--- Records to process ---

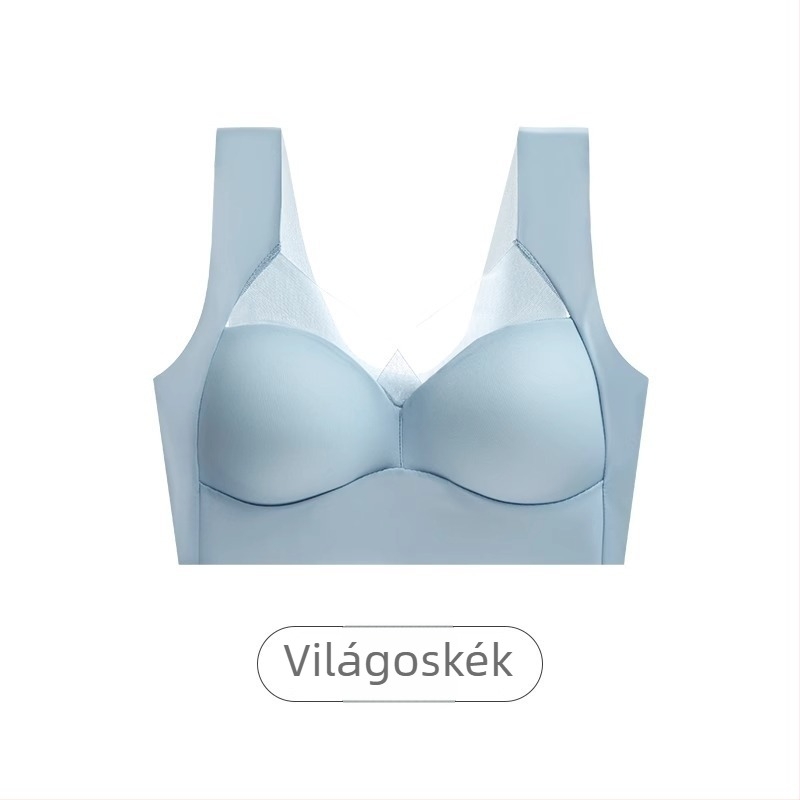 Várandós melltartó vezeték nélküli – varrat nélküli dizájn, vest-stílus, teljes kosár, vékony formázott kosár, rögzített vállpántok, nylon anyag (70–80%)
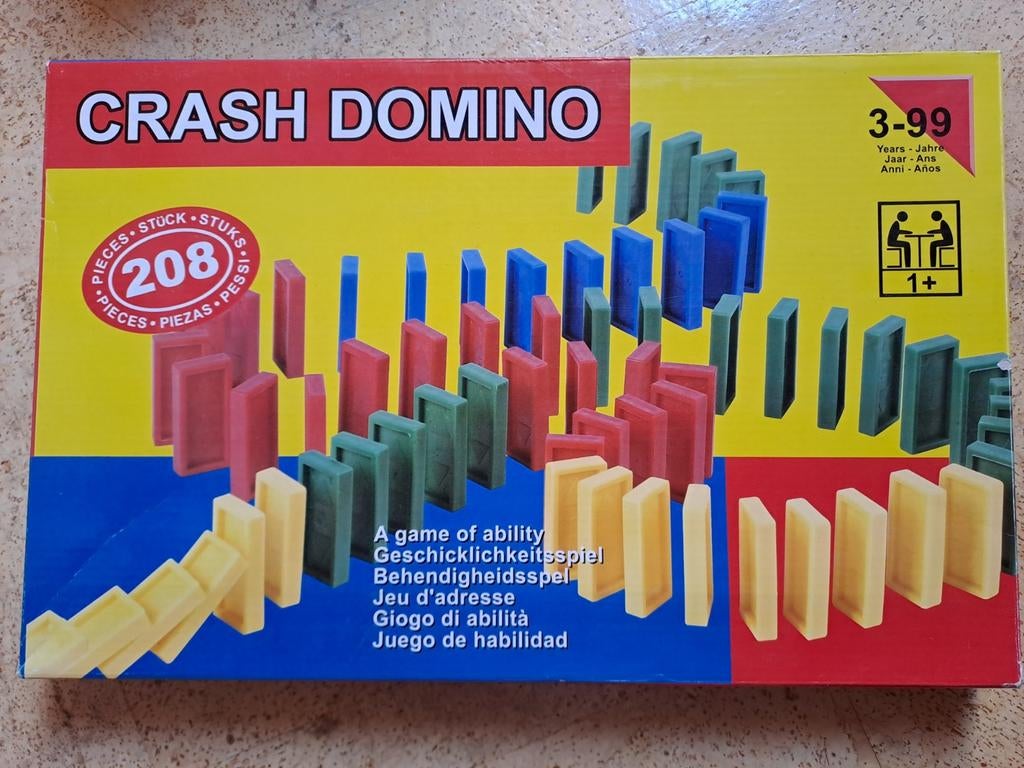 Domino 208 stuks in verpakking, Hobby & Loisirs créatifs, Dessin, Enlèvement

---
--- Records to process ---

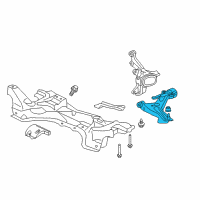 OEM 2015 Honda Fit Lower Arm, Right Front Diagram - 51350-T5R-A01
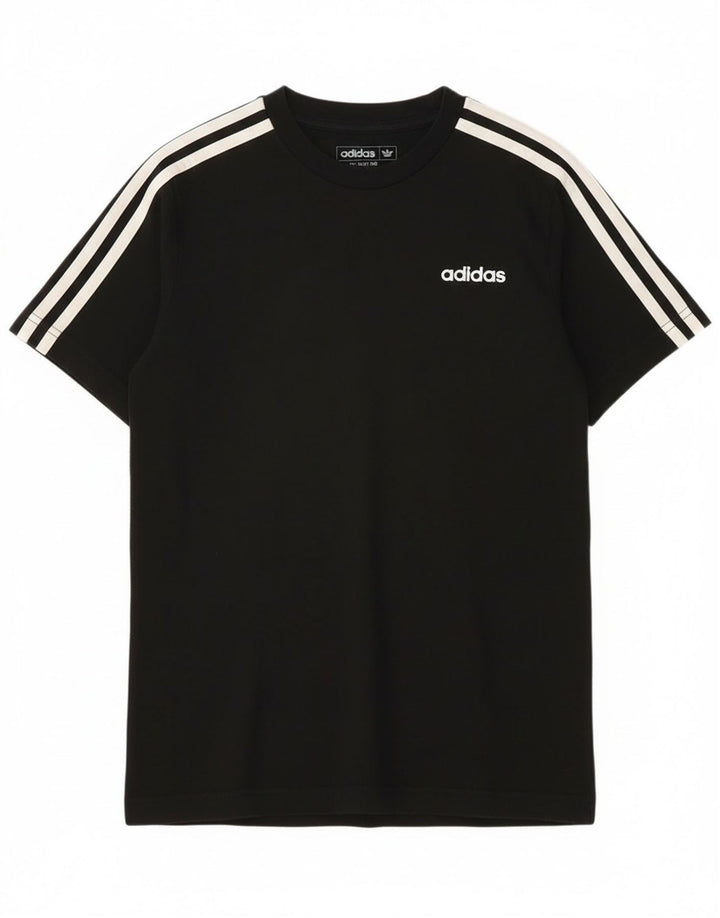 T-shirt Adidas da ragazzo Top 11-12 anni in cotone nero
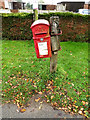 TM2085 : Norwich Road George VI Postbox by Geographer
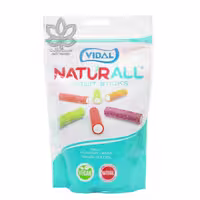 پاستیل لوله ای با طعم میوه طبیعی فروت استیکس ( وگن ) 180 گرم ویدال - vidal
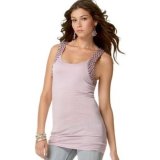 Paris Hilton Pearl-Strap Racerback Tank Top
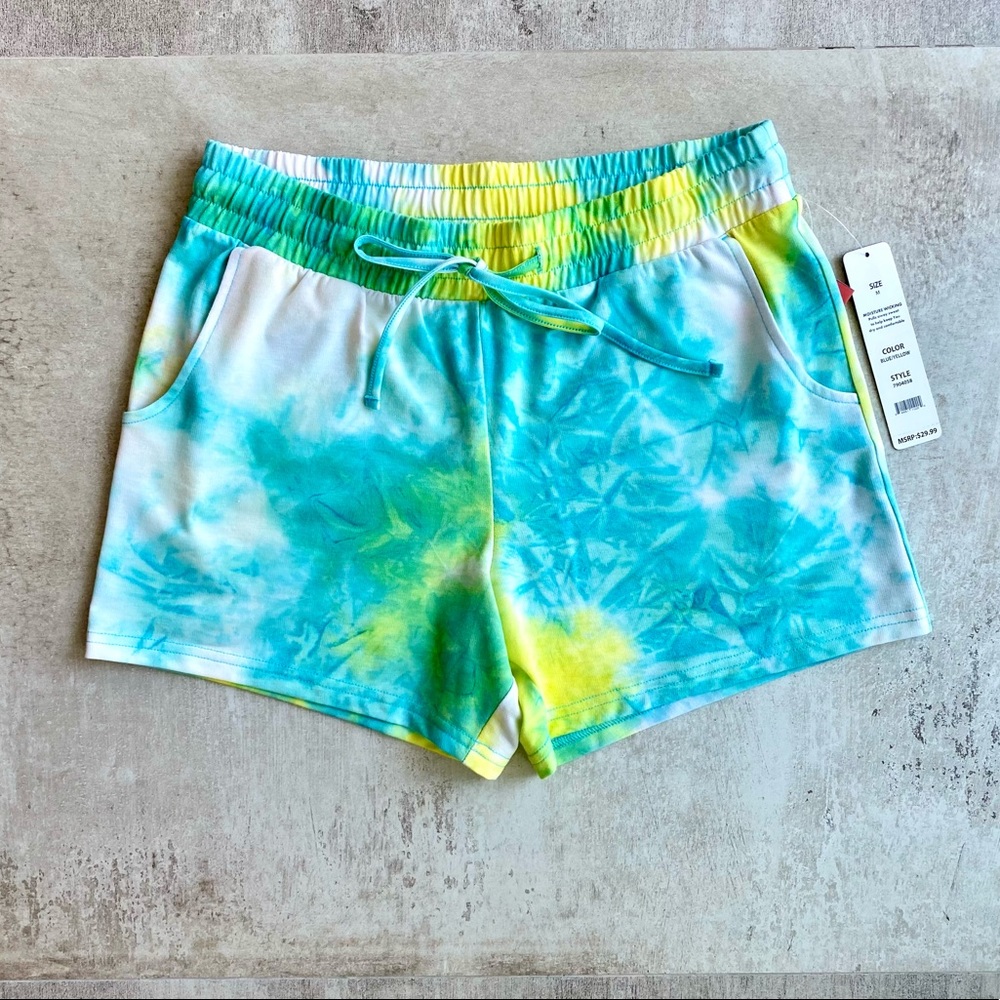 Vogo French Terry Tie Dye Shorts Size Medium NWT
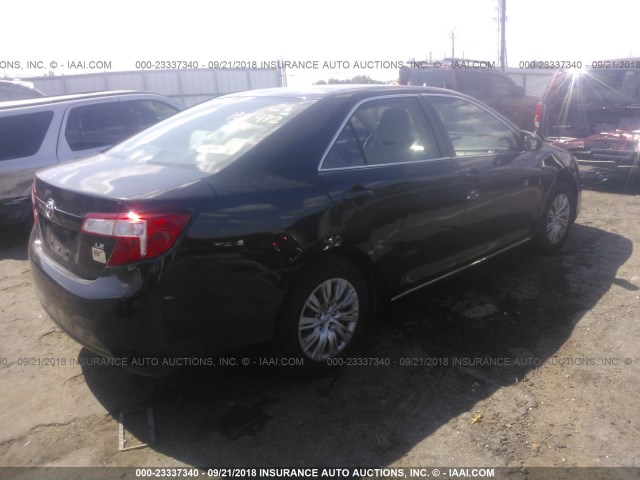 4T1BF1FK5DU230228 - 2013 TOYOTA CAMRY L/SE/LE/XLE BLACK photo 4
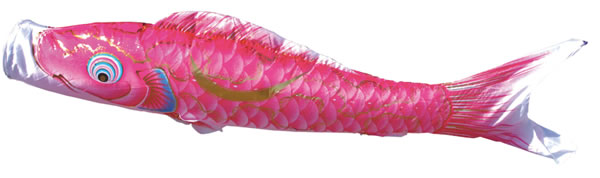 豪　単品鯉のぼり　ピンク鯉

---

### Action item
Look above for the line with "4T1BF1FK5DU230228 - 2013" and the line with "豪　単品鯉のぼり　ピンク鯉", then copy exactly the lines from the first through the second, both kept, with no pictures.

### Task answer
 4T1BF1FK5DU230228 - 2013 TOYOTA CAMRY L/SE/LE/XLE BLACK photo 4
 豪　単品鯉のぼり　ピンク鯉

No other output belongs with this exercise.